- YOUR TASK -
A word-for-word copy of the data, pictures excluded, is what this task asks for.

- EXERCISE DATA -
>>>

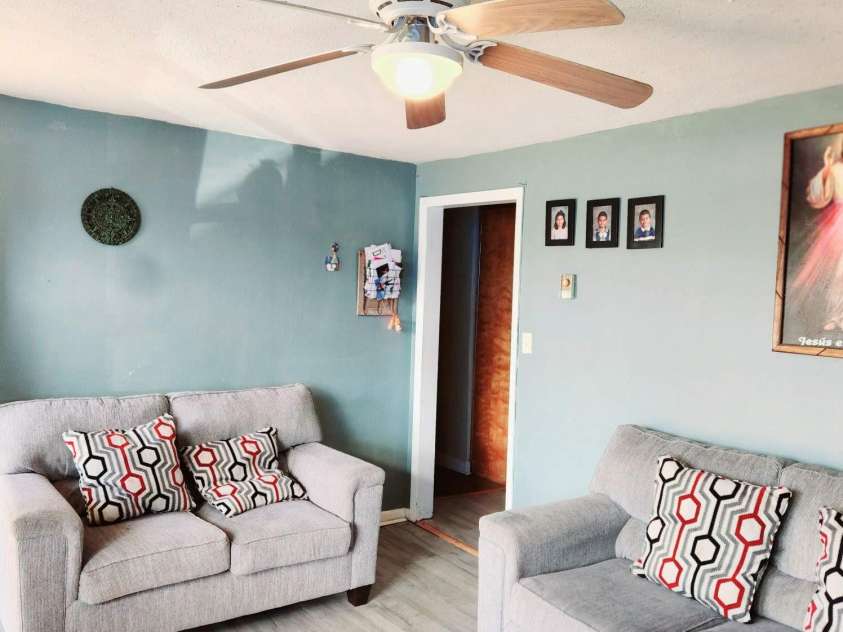 2040 25th Street Drive, Hickory, NC 28601.  MLS# CAR4205474, YatesRealty ID 16677. Living room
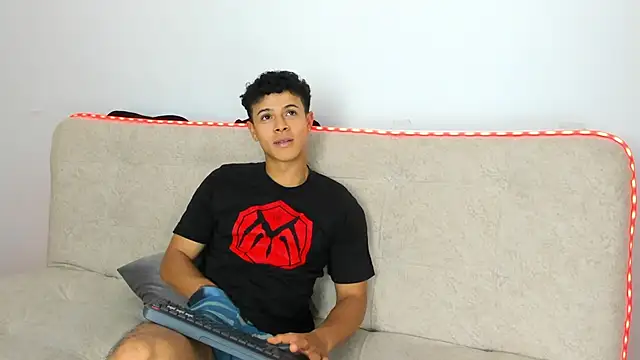 _Alex_Colton: онлайн-секс-чат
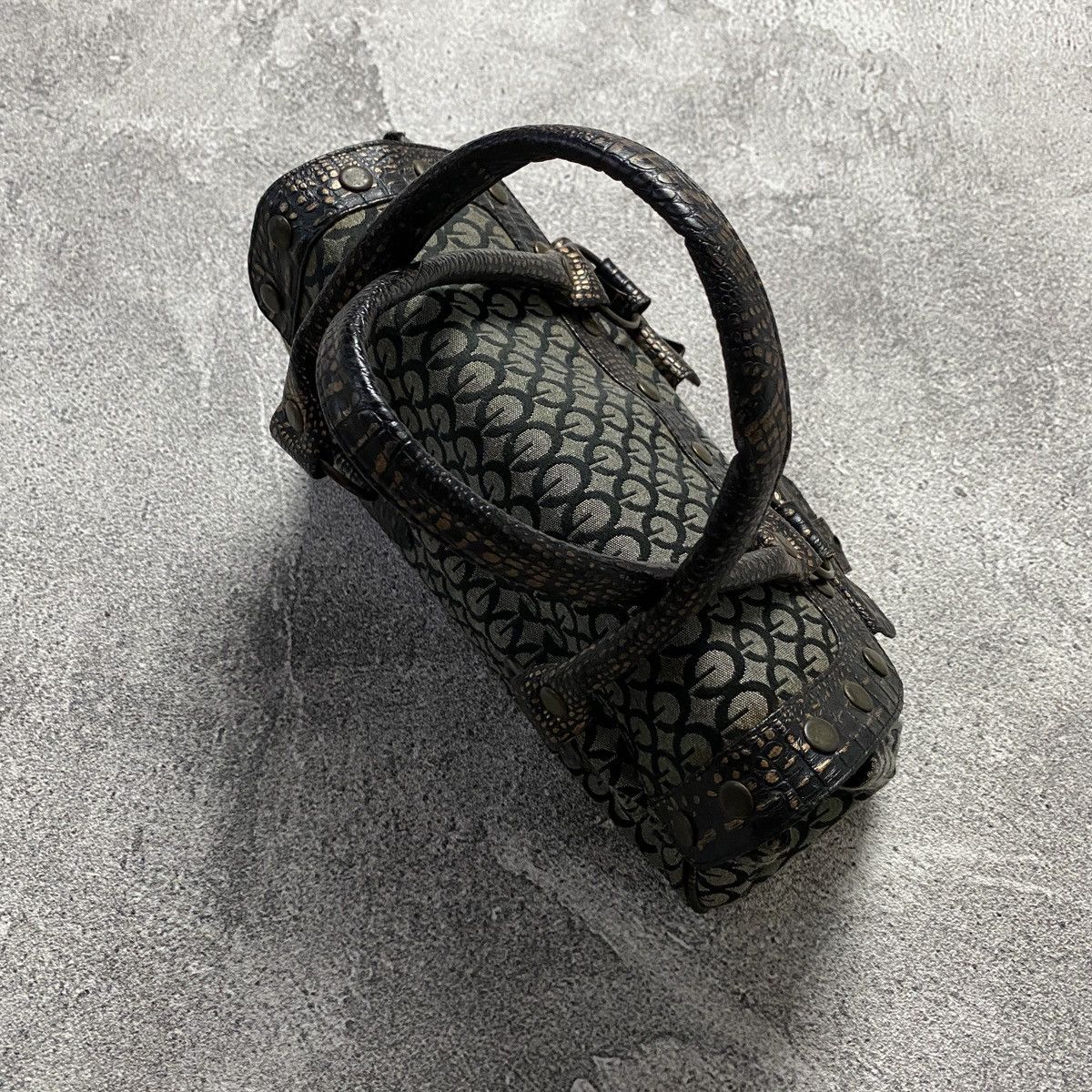 Japanese Brand 2000s Monogram Textured Faux Croc Front Pocket Handbag Size ONE SIZE - 5 Thumbnail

<<<

- EXERCISE OUTPUT -
 2040 25th Street Drive, Hickory, NC 28601.  MLS# CAR4205474, YatesRealty ID 16677. Living room
 _Alex_Colton: онлайн-секс-чат
 Japanese Brand 2000s Monogram Textured Faux Croc Front Pocket Handbag Size ONE SIZE - 5 Thumbnail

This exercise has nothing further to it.